▶ _Aim of the task_
Please restate word for word the lines of the entries below from the one with "Customer photo review" to the one with "Table à manger", inclusive, and leave out every picture.

==== Stored data

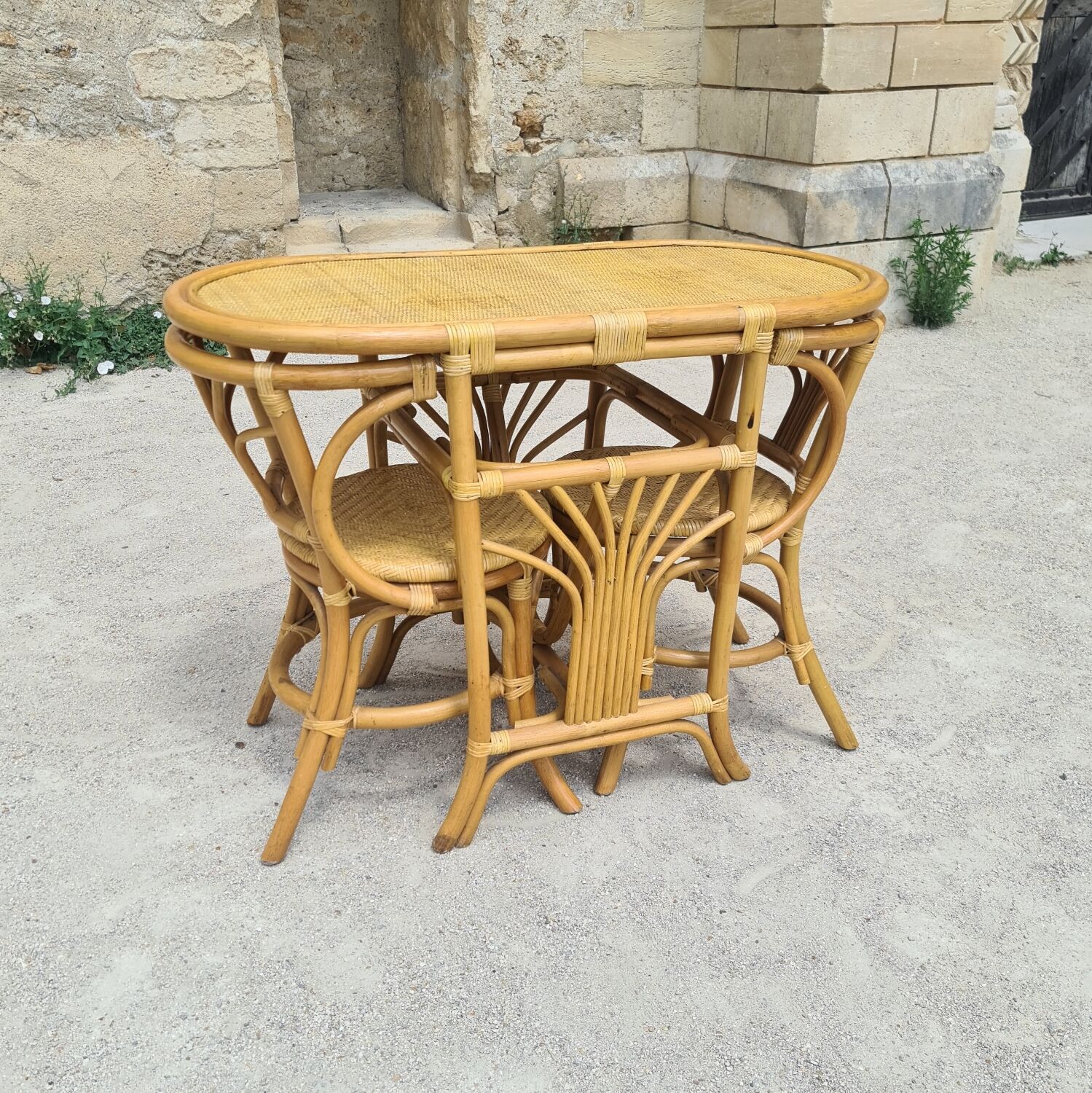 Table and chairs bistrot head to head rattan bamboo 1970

========
==== Stored data

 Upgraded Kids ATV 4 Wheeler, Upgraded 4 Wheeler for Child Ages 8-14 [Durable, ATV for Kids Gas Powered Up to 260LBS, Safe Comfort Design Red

========
==== Stored data

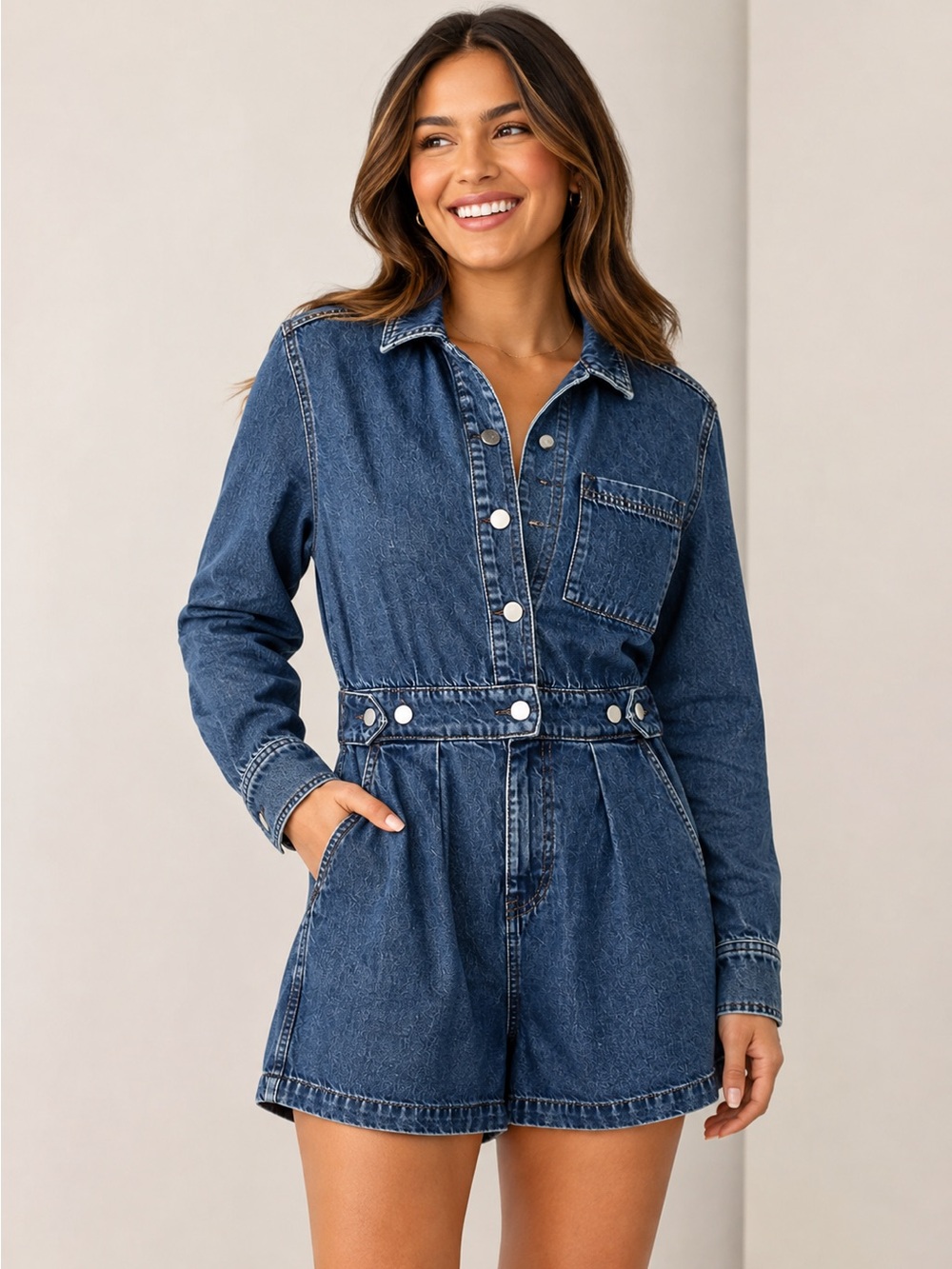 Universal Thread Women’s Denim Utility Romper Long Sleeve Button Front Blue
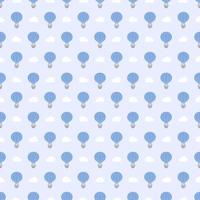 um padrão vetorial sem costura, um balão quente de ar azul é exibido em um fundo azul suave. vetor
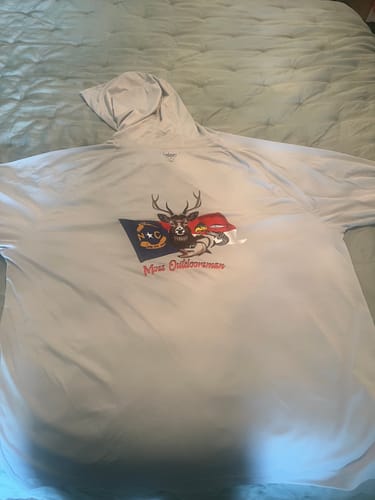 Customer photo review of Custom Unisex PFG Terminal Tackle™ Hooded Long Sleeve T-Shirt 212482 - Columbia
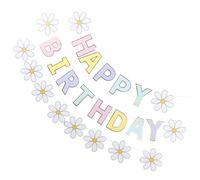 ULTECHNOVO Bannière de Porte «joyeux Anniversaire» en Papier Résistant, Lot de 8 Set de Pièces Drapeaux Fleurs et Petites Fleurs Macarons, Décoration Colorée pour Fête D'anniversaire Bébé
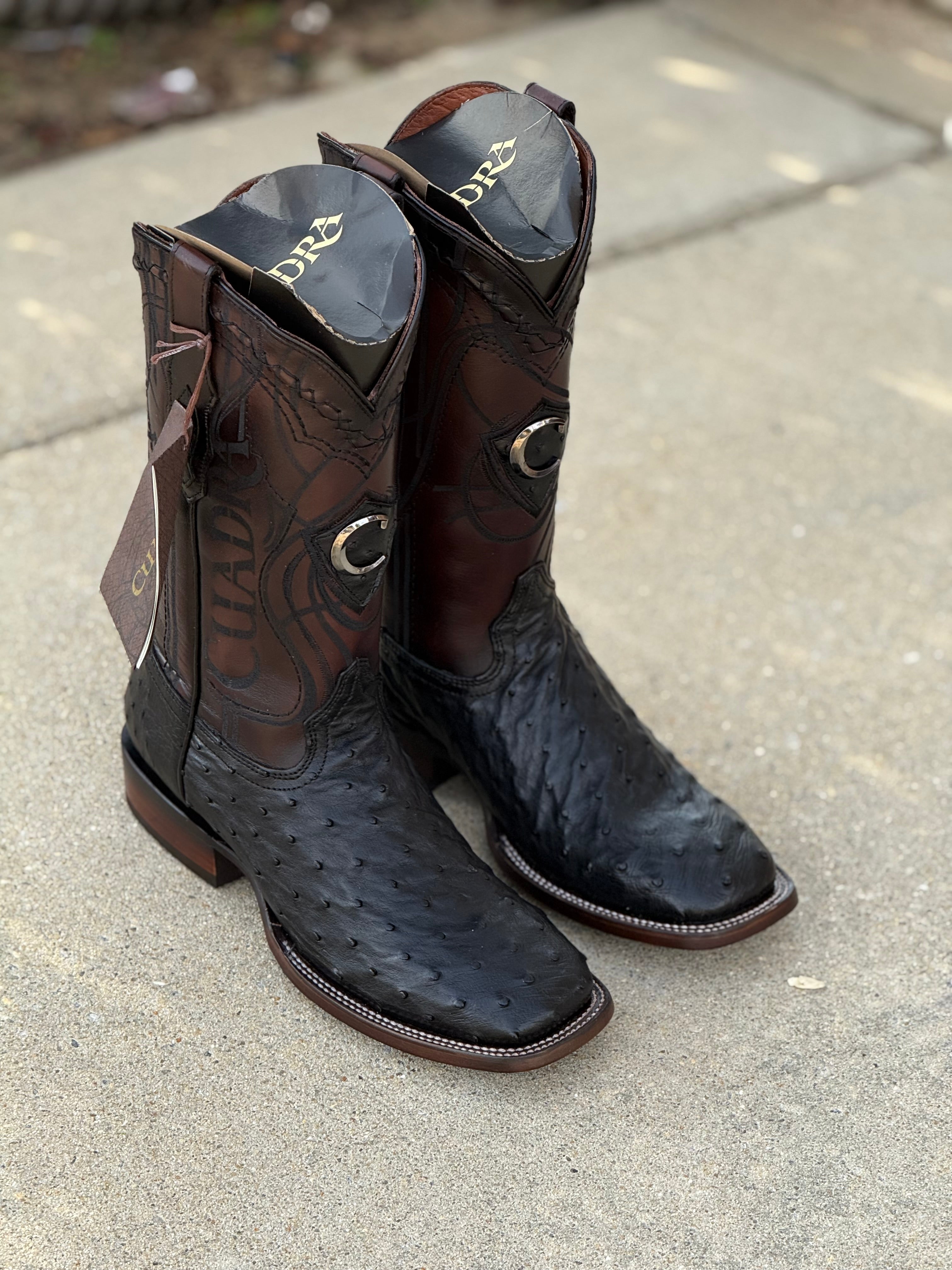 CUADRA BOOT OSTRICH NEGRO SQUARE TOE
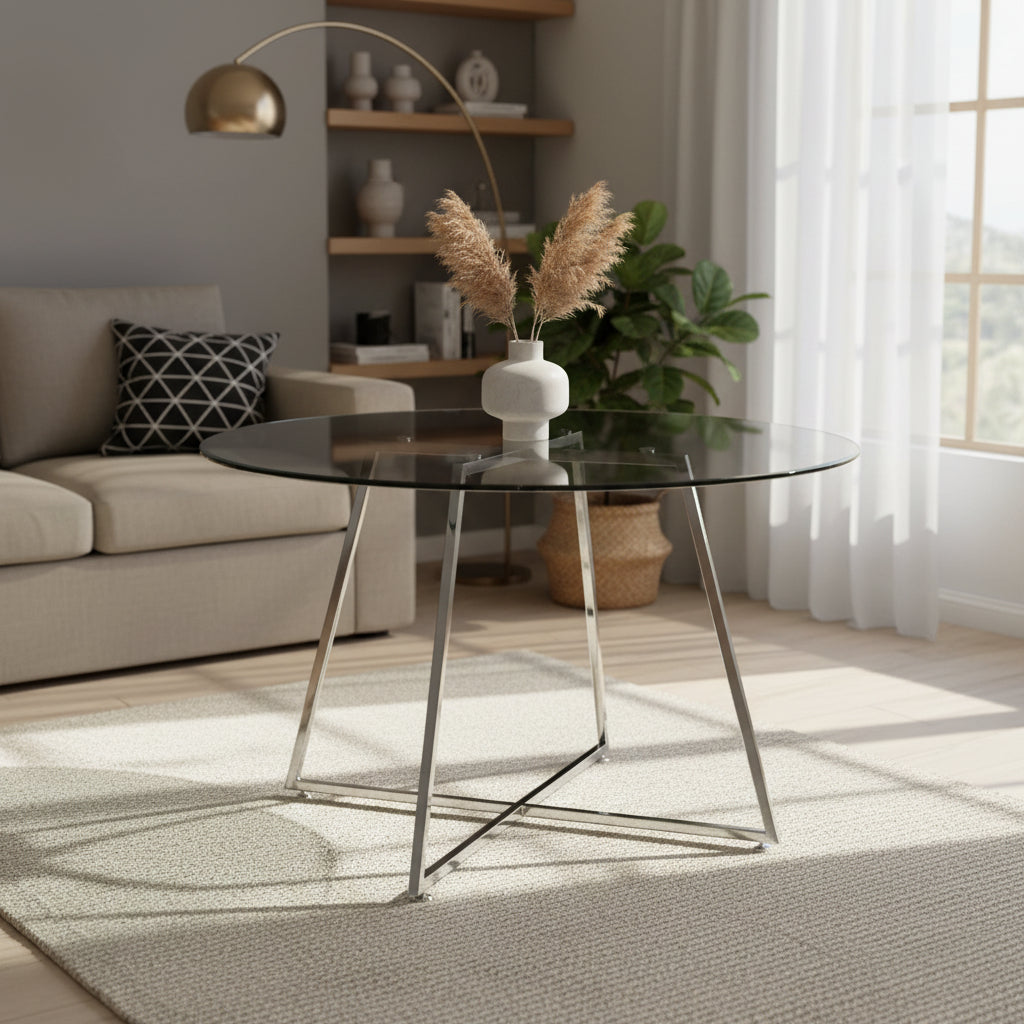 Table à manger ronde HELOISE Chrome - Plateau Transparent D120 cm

========

▶ _Answer_
 Customer photo review of Custom Unisex PFG Terminal Tackle™ Hooded Long Sleeve T-Shirt 212482 - Columbia
 ULTECHNOVO Bannière de Porte «joyeux Anniversaire» en Papier Résistant, Lot de 8 Set de Pièces Drapeaux Fleurs et Petites Fleurs Macarons, Décoration Colorée pour Fête D'anniversaire Bébé
 CUADRA BOOT OSTRICH NEGRO SQUARE TOE
 Table à manger ronde HELOISE Chrome - Plateau Transparent D120 cm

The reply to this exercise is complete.